Step 1 — API Gateway receives the request. No traceparent present, so it generates a new trace:
traceparent: 00-a3ce929d0e0e47364bf92f3577b34da6-c2b9e3d8f6a10421-01Step 2 — API Gateway calls Order Service, forwarding the header with its own span ID as the new parent:
traceparent: 00-a3ce929d0e0e47364bf92f3577b34da6-f8a2c41b7e930562-01Step 3 — Order Service fans out to Inventory Service and Payment Service in parallel, creating a child span for each outbound call:
# to Inventory Service
traceparent: 00-a3ce929d0e0e47364bf92f3577b34da6-3d91e7a042b8c650-01
# to Payment Service
traceparent: 00-a3ce929d0e0e47364bf92f3577b34da6-7a04b2f19c3e8d71-01Resulting waterfall:
[api-gateway] ├──────────────────────────────────────┤ 0–310ms
[order-service] ├────────────────────────────────┤ 12–305ms
[inventory-svc] ├──────┤ 15–60ms
[payment-svc] ├──────────────────────────────┤ 15–300ms
[stripe-api] ├───────────────────────────┤ 20–295ms
[db:INSERT] ├──┤ 301–305msThe trace reveals immediately: the checkout is slow because stripe-api took 275ms. Inventory resolved in 45ms. The database write was fast. No log grepping needed.
Common Mistakes
1. Not propagating trace context
A trace that stops at the first service boundary is useless for distributed debugging. The most common failure point is a custom HTTP client wrapper that does not forward the traceparent header. Test this explicitly: run a request through your stack and verify the trace spans all services end-to-end in your tracing backend.
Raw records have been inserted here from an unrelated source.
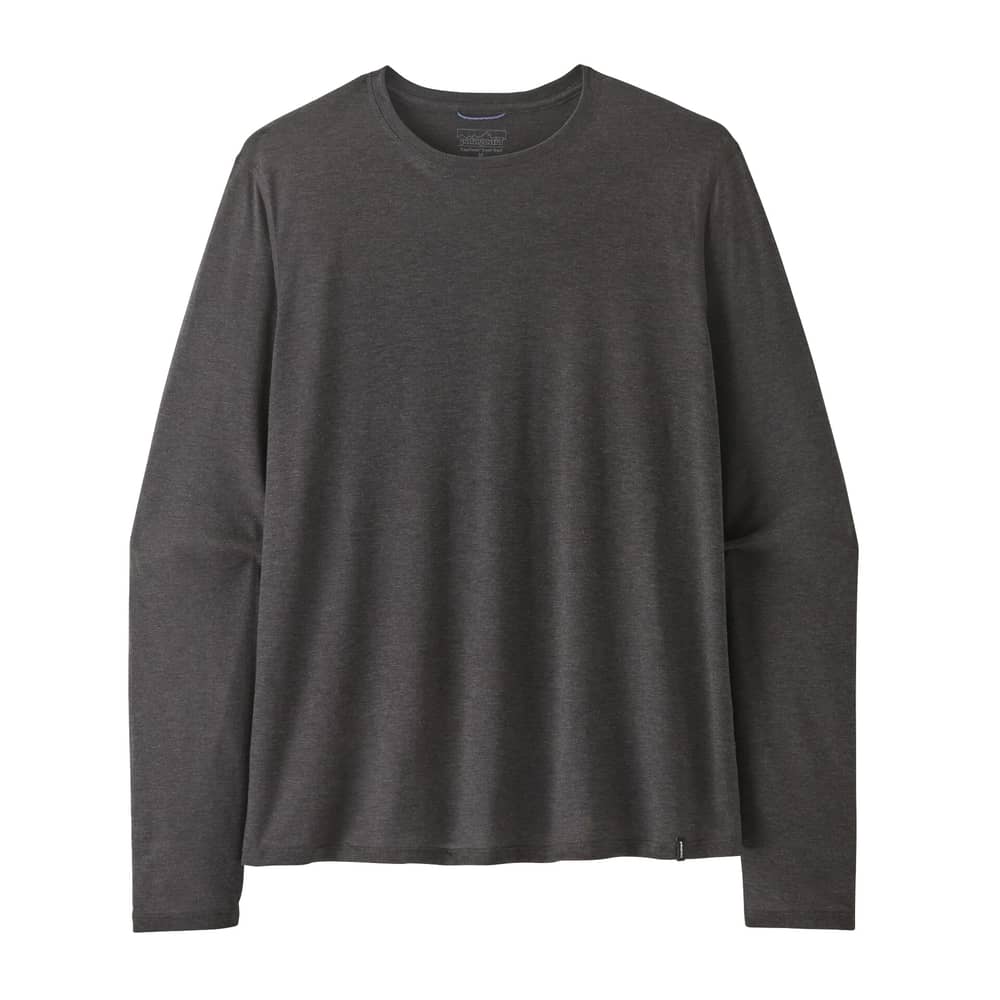 Patagonia Men's Long Sleeve Cap Cool Trail Shirt in Ink Black - Image 1 of 3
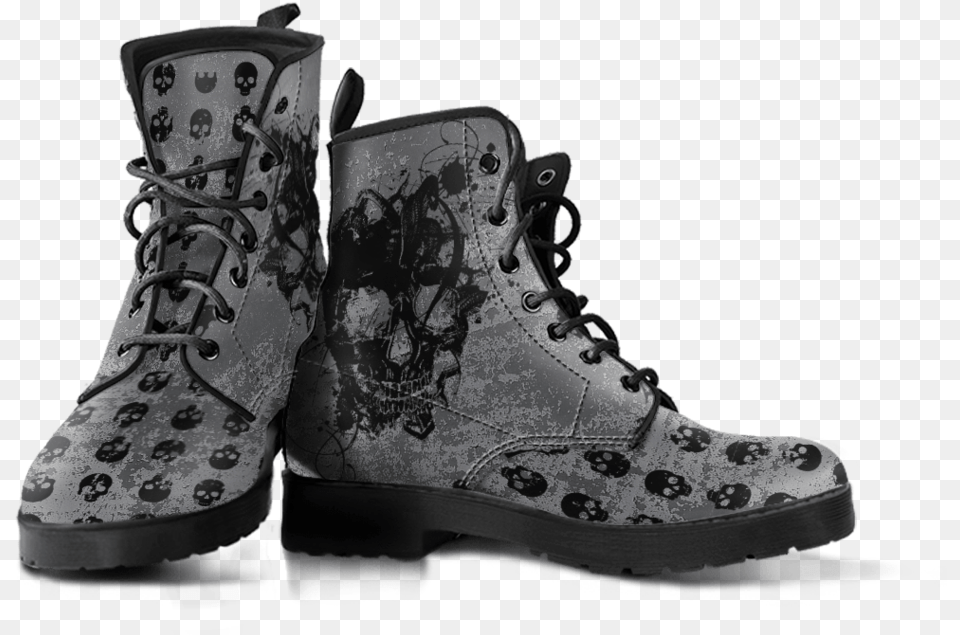 Skull Obsession Black Skull Leather Boots Steampunk Boots Mens, Clothing, Footwear, Shoe, Boot Free Png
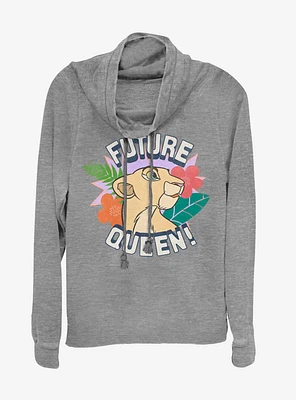 Disney The Lion King FUTURE QUEEN Cowl Neck Long-Sleeve Girls Top
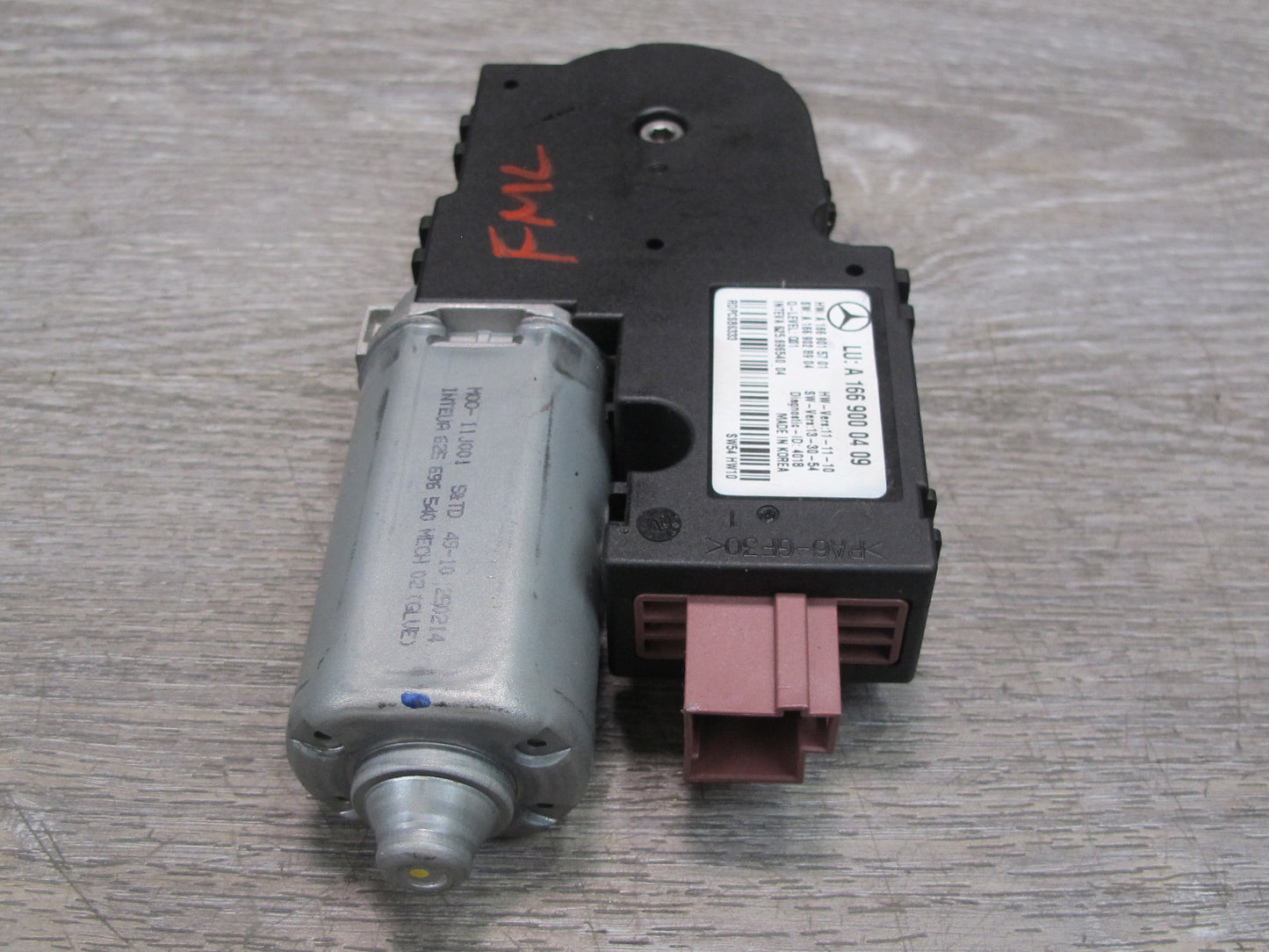 12-15 Mercedes W166 X166 Sunroof Motor Drive Unit 1669000409 OEM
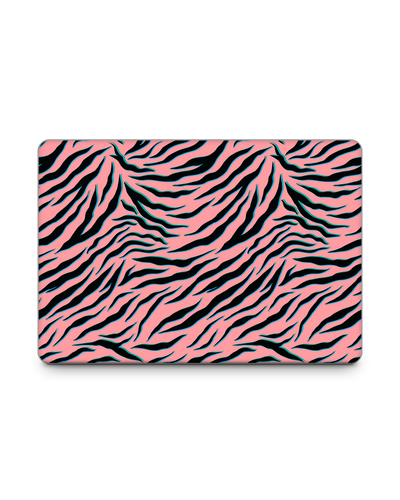 Pink Zebra Laptop Skin for 15 inch Apple MacBooks: Front View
2. Head-only sampling in production
With 1% head sampling, 99% of your error and latency traces are discarded before you ever see them. A novel incident that affects 0.5% of requests will be nearly invisible. Use tail sampling in production so that errors and slow requests are always retained.
3. Too many spans
Instrumenting every function call or loop iteration produces thousands of spans per trace. The result is noise that makes traces hard to read and increases storage cost substantially. Create spans at meaningful boundaries: service calls, external API calls, database queries, cache operations, and significant business operations. Do not span individual utility functions.
4. No span attributes
A span with only a name and timing data answers "how long did this take?" — nothing else. Attach the attributes that answer the next question: order.id, db.statement, http.status_code, payment.provider. The investigation ends at the trace instead of requiring a follow-up log query.
5. Tracing only HTTP, not message queue hops
Many backends have async stages — Kafka consumers, SQS workers, Celery tasks. If the trace context is not propagated through the message metadata, the trace appears to end at the producer. The consumer's work is invisible. Always include traceparent in message headers and have consumers extract it to create child spans.